No part of botany has so often engaged the pen of the historian, as the doctrine of sexuality in plants; but the majority of writers have not gone to the original sources for their information, and the consequence has been that the merits of the real founders and promoters of the doctrine have often been thrown into the shade for the benefit of others; even German botanists have ascribed the services of Camerarius to Frenchmen and Englishmen, because they were unacquainted with his writings, or were unable to judge of the question and its solution. We shall here endeavour to show from the records of the 18th century how far anyone before Koelreuter really contributed anything of value to the establishment of the sexual theory. As is usually the case in great revolutions in science, some simply denied the new theory, many adopted it without understanding the question, others formed a perverse and distorted conception of it under the influence of reigning prejudices, while others again sought to appropriate to themselves the merit of the real discoverer; there were but few who with a right understanding of the question advanced it by new investigations.

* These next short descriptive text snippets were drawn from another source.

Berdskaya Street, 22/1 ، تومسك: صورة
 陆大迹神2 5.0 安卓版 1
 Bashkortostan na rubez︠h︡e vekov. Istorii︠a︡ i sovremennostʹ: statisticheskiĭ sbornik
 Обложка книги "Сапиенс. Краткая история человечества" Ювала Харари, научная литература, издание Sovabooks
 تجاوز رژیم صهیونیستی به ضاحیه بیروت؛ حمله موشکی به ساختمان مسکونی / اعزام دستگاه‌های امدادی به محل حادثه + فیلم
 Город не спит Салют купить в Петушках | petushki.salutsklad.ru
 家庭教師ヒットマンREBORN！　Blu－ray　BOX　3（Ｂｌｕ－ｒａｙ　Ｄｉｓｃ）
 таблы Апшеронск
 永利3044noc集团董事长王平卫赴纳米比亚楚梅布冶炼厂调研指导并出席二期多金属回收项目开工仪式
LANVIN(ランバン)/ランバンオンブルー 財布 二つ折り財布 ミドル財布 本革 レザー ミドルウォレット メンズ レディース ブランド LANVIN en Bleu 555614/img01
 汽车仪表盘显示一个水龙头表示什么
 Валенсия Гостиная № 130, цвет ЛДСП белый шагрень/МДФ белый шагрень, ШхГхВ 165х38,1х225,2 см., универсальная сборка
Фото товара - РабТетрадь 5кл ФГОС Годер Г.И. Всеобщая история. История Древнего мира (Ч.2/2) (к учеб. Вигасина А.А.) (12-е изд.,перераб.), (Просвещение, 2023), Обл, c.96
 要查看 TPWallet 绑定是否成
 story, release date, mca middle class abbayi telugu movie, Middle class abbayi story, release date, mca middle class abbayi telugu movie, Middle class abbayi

The botanists who endeavoured to aid in determining the matter by their own observations may be distinguished into those, to whom the important point was the enquiry whether the pollen is absolutely necessary to the formation of seed, such as Bradley, Logan, Miller, and Gleditsch, and those who like Geoffroy and Morland assumed that sexuality was no longer an open question, and who were bent on observing in what way the pollen effects fertilisation in the ovule. But there was another class of writers altogether, who, believing that they could deal with the subject without making observations and experiments of their own, either like Leibnitz, Burckhard, and Vaillant, simply accepted the results of the observations of others on general grounds, or like Linnaeus and his disciples, endeavoured to draw fresh proofs from philosophical principles, or like Tournefort and Pontedera, simply rejected the idea of sexuality in plants. Lastly, we might mention Patrick Blair who did nothing himself, but merely appropriated the general results of Camerarius’ observations, and has had his reward in being quoted even by German writers as one of the founders of the sexual theory[99].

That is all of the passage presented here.